In 1894, sheet music publishers Edward B. Marks and Joe Stern hired electrician George Thomas and various performers to promote sales of their song "The Little Lost Child".Thomas projected a series of still images on a screen simultaneous to live performances. This would become a popular form of entertainment known as the illustrated song, the first step toward music video.
In 1926, with the arrival of "talkies" many musical short films were produced. Vitaphone shorts (produced by Warner Bros.) featured many bands, vocalists and dancers. Spooney Melodies in 1930 was the first true musical video series. Shorts were typically six minutes in duration, and featured Art Deco-style animations and backgrounds combined with film of the performer singing.
Animation artist Max Fleischer introduced a series of sing-along short cartoons called Screen Songs, which invited audiences to sing along to popular songs by "following the bouncing ball". Early 1930s cartoons featured popular musicians performing their hit songs on-camera in live-action segments during the cartoons. The early animated films by Walt Disney, such as the Silly Symphonies shorts and especially Fantasia, which featured several interpretations of classical pieces, were built around music. The Warner Brothers cartoons, even today billed as Looney Tunes and Merrie Melodies, were initially fashioned around specific songs from upcoming Warner Brothers musical films. Warner Brothers also produced the cartoon "Three Pigs in a Polka", set to Johannes Brahms' Hungarian Dances. Live action musical shorts, featuring such popular performers as Cab Calloway, were also distributed to theaters.
Blues singer Bessie Smith appeared in a two-reel short film called St. Louis Blues (1929) featuring a dramatized performance of the hit song. Numerous other musicians appeared in short musical subjects during this period. Later, in the mid-1940s, musician Louis Jordan made short films for his songs, some of which were spliced together into a feature film Lookout Sister. These films were, according to music historian Donald Clarke, the "ancestors" of music video.
Another early form of music video were one-song films called "promotional clips" made in the 1940s for the Panoram visual jukebox. These were short films of musical selections, usually just a band on a movie-set bandstand, made for playing.
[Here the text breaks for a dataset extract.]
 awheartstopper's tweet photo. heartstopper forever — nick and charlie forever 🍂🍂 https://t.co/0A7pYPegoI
Thousands of "soundies" were made, mostly of jazz musicians, but also of torch singers, comedians, and dancers. Before the soundie, even dramatic movies typically had a musical interval, but the soundie put the music in the forefront; virtually all known jazz performers appeared in soundie shorts. The Panoram jukebox with eight three-minute soundies were popular in taverns and night spots, but the fad faded during World War II.
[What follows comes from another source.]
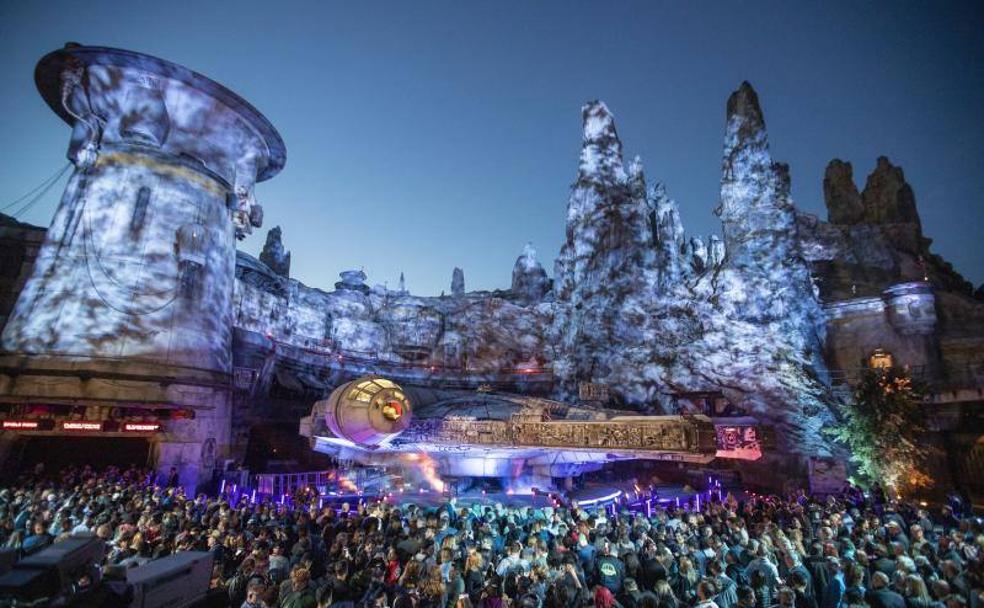 «Star Wars: Galaxy's Edge» abre sus puertas en Disneyland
In 1964, The Beatles starred in their first feature film A Hard Day's Night, directed by Richard Lester. Shot in black-and-white and presented as a mock documentary, it was a loosely structured musical fantasia interspersing comedic and dialogue with musical sequences. The musical sequences furnished basic templates on which countless subsequent music videos were modeled. It was the direct model for the successful US TV series The Monkees (1966–1968) which similarly consisted of film segments that were created to accompany various Monkees songs.
Film critic Roger Ebert credits Lester with constructing "a new grammar":
" ... he influenced many other films. Today when we watch TV and see quick cutting, hand-held cameras, interviews conducted on the run with moving targets, quickly intercut snatches of dialogue, music under documentary action and all the other trademarks of the modern style, we are looking at the children of A Hard Day's Night".

In 1965, The Beatles began making promotional clips (then known as "filmed inserts") for distribution and broadcast in other countries—primarily the USA—so they could promote their record releases without having to make in-person appearances.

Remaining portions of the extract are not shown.